Alumni Spotlight: Philippe Herbillon LLM ’83
The International Legal Studies Program was barely one year old when Philippe Herbillon was awarded his LL.M Degree. Despite the infancy of the program at the time, Philippe attributes his international perspective and career, in part, to his educational background at American University Washington College of Law.
He is based in Paris, France, where he is currently a self-employed legal consultant specializing in international contracting in the oil & gas industry. The following is an excerpt from an interview with Philippe during his recent visit to his alma mater.
How did you come to the ILSP, and what was your experience like at that time ?
After earning a law degree at the Paris “Assas” Law School, University Paris 2, I came over to the United States with the intention of primarily studying English. At this point, a friend of mine, also a lawyer, gave me the good advice of pursuing an LLM degree at a university in the United States. So, I applied and was admitted to WCL in January of 1982.
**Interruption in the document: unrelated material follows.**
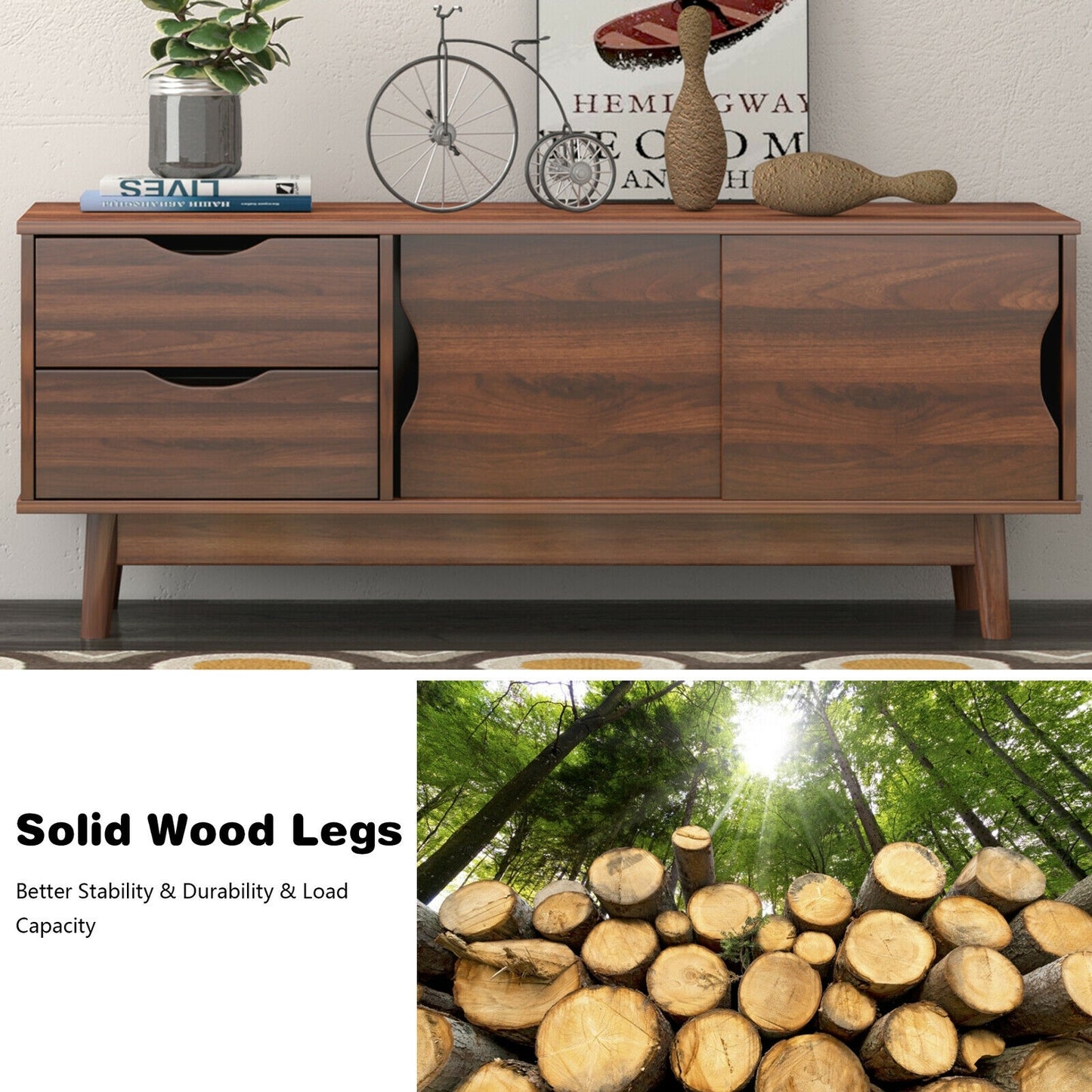 Spacious Media Console TV Stand with Sliding Doors and Drawers for TVs up to 60 Inches in Walnut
When I started my LLM studies, I had just three fellow students in the program—an Argentinean, a Mexican and a Spaniard. As time went by, an increasingly larger number of students, for example from Curaçao, Venezuela, Germany, China, Kuwait, etc., joined the program. At that time, all of the American JD students and the foreign LL.M students were mixed in classes, so there was a very culturally enriching environment. I deeply enjoyed being in such a diverse and interesting community.
What was your area of focus ?
I focused on International Business and Tax Law.
What do you remember the most about your LL.M studies at WCL ?
I remember some exciting discussions covering topics such as geopolitics or economics or monetary policies with my fellow students from WCL. I would like to seize the opportunity to herewith warmly greet, among others, Russell, Karen, Daniel, Francisco, Andreas, Julia, Meklat, Wu, Pei, and Raoul. These outstanding lawyers from the program enabled me to progress in my understanding of overall legal problems.
As a French native, I deeply appreciate the exceptional opportunity I had to study in the US, which effectively supported my career and certainly allowed me to become more open-minded than before. This was a decisive moment of my life.
What has been your path since you graduated from ILSP ?
After graduating in 1983, I came back to France and swiftly found up a job as a junior lawyer with the Gabonese, Libreville-based branch of an international law firm where I have had a one-year practice. Then, I worked for some six years in the legal department of a major French banking group where I was put in charge, along with a team of other in-house lawyers, of international banking as well as mergers and acquisitions. Following this, I joined a team of the international lawyers of a major oil & gas group, and was stationed for nearly five years as an expatriate lawyer to this group’s Indonesia, Jakarta-based gas division. I dealt both with exploration & production matters and with international marketing of LNG/LPG on behalf of a domestic state-owned oil & gas company. During my stay in Jakarta I met my wife Sophia, who is the mother of my very cute, six-years-old daughter Sasha. More recently, I have been for a couple of years, a self-employed legal consultant specializing in international contracting in the oil & gas business.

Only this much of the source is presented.